Friday, November 7, 2008

Business Networks, Intellectual Assets & B2B and EDI

The assets of a company are not only found in their patents, products, brands, capital, customer databases, facilities, equipment, and inventories, but also in the intellectual assets they possess within their IT departments. These assets when managed appropriately can be a significant source of competitive advantage, especially when you depend on your business network to manufacture, market, sell and deliver your products.

Business processes and metadata (information about information) are a significant and important category of intellectual assets. They might include; processes for ordering supplies, processes for changing orders, processes for monitoring the delivery of orders, processes for generating and sending purchase orders and processes for accepting supplier invoices.
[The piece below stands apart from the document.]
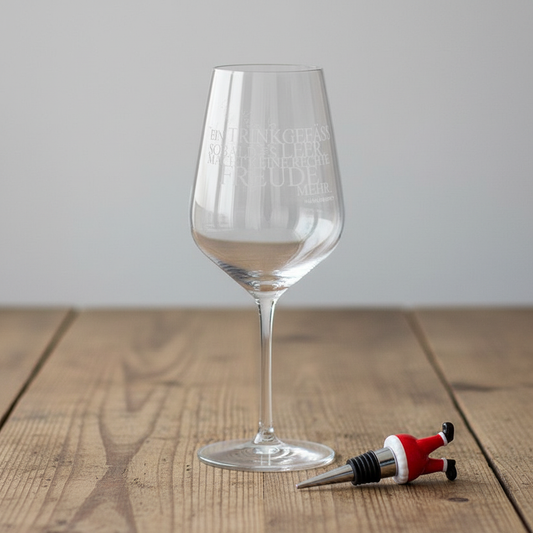 SPAR-SET: Weinfreunde Korken & Weinglas miot Servietten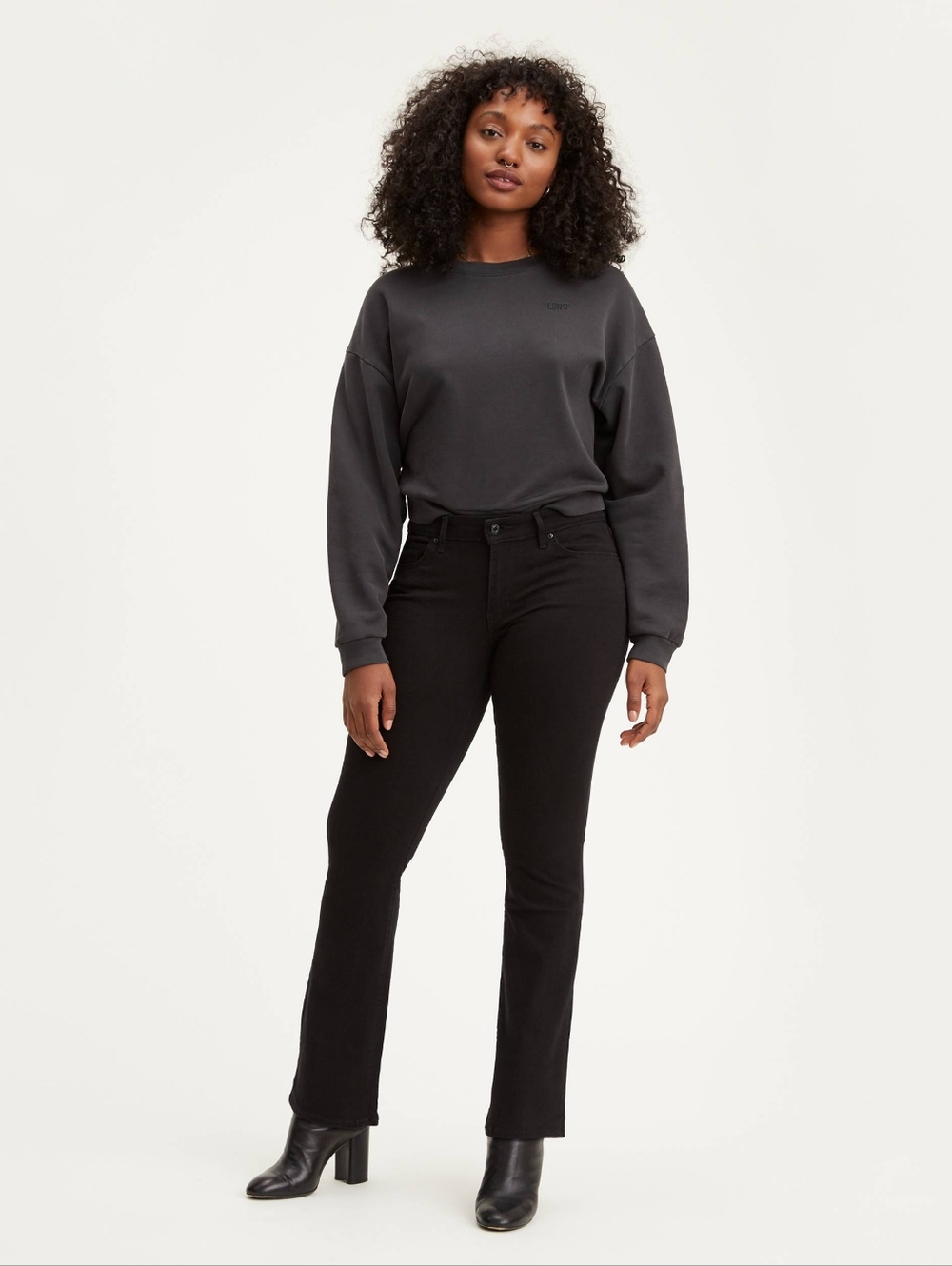 Levi's 715 Low-Mid Rise Bootcut Women's Tall Long Jeans 27×35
Business processes are often executed by the purposeful movement of formatted data such as traditional EDI, XML schemas and other data formats in an organized, documented and repeatable manner. The big problem - rarely is this data easily found and available for efficient reuse across the enterprise. Often this exact process is being funded, designed, developed and deployed only once, in one location, with one product line in one division. This problem represents an enormous waste in most companies.

Business processes and their associated data requirements are often dispersed throughout the organization in different software applications, different spreadsheets, databases, technology platforms, physical locations and within the minds of different personnel. The lack of a centralized data repository to store and make searchable this information leads to the loss of thousands of hours of development time and accumulated intelligence, delayed projects and wasted money.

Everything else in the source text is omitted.